I am sure many similar questions have been asked before, but after reading many of them I am still not very sure what I should do. So, I have a Python script to control some external instruments (a camera and a power meter). I have written class for both instruments by calling the C functions in the .dll files using ctypes. Right now it looks something like this:
for i in range(10):
power_reading = newport.get_reading(N=100,interval=1) # take power meter reading
img = camera.capture(N=10)
value = image_processing(img) # analyze the img (ndarray) to get some values
results.append([power_reading,value]) # add both results to a list
I want to start executing the first two lines at the same time. Both newport.get_reading and camera.capture take about 100ms-1s to run (they will run for the same time if I choose the correct arguments). I don't need them to start at EXACTLY the same time, but ideally the delay should be smaller than about 10-20% of the total run time (so less than 0.2s delay when take each take about 1s to run). From what I have read, I can use the multiprocessing module. So I try something like this based on this post:
def p_get_reading(newport,N,interval,return_dict):
reading = newport.get_reading(N,interval,return_dict)

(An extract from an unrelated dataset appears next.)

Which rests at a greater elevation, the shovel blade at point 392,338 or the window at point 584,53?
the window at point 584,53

return_dict['power_meter'] = reading
def p_capture(camera,N,return_dict):
img = camera.capture(N)
return_dict['image'] = img
for i in range(10):
manager = multiprocessing.Manager()
return_dict = manager.dict()
p = multiprocessing.Process(target=p_capture, args=(camera,10))
p.start()
p2 = multiprocessing.Process(target=p_get_reading, args=(newport,100,1))
p2.start()
p.join()
p2.join()
print(return_dict)
I have a few problems/questions:
I need to get the return values from both function calls. Using my current method, return_dict is only showing the entry for capture_img but not the power meter reading, why is that? It also read that I can use Queue, what is the best method for my current purpose?
How can I know whether both functions indeed start running at the same time? I am thinking of using the time module to record both the start and end time of both functions, maybe using some wrapper function to do the time logging, but will the use of multiprocessing pose any restrictions?

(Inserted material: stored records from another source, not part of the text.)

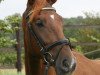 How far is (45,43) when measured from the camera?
15.0ft

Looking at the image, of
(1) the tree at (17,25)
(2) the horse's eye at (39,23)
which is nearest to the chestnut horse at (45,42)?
(2) the horse's eye at (39,23)

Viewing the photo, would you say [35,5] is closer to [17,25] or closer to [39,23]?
[39,23]

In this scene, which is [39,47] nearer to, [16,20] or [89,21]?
[16,20]

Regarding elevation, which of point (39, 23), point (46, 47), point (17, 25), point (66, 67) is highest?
point (39, 23)

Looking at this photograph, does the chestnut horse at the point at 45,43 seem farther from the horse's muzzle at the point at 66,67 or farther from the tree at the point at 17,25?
the tree at the point at 17,25

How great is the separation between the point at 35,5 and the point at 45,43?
49 centimetres

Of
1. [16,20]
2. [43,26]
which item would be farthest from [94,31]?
[43,26]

I usually run my code on an IDE (spyder), and from what I have read, I need to run in command prompt to see the output (I have some print statements inside the functions for debugging purposes). Can I still run in IDE for having both functions run at the same time?
Using a Lock may help with synchronisation:
import multiprocessing
def p_get_reading(newport, N, interval, lock, return_dict):
lock.acquire()
lock.release()
reading = newport.get_reading(N, interval)

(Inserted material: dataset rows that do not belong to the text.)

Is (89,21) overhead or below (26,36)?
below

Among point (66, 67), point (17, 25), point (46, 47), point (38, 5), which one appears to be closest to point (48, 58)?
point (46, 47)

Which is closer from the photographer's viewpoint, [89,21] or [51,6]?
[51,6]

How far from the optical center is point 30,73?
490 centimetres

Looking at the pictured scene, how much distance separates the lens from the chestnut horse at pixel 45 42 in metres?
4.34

return_dict['power_meter'] = reading
def p_capture(camera, N, lock, return_dict):
lock.acquire()
lock.release()
img = camera.capture(N)
return_dict['image'] = img
if __name__ == "__main__":
for i in range(10):
manager = multiprocessing.Manager()
return_dict = manager.dict()
lock = multiprocessing.Lock()
lock.acquire()
p = multiprocessing.Process(target=p_capture, args=(camera,10,lock,return_dict))
p.start()
p2 = multiprocessing.Process(target=p_get_reading, args=(newport,100,1,lock,return_dict))
p2.start()
lock.release()
p.join()
p2.join()
print(return_dict)
The two Process objects can now be created and start()ed in any order as the main routine has already acquired the lock. Once released, the two processes will fight between themselves to acquire and release the lock, and be ready almost at the same time.
Also, note the use of if __name__ == "__main__" as this helps when multiprocessing makes new processes.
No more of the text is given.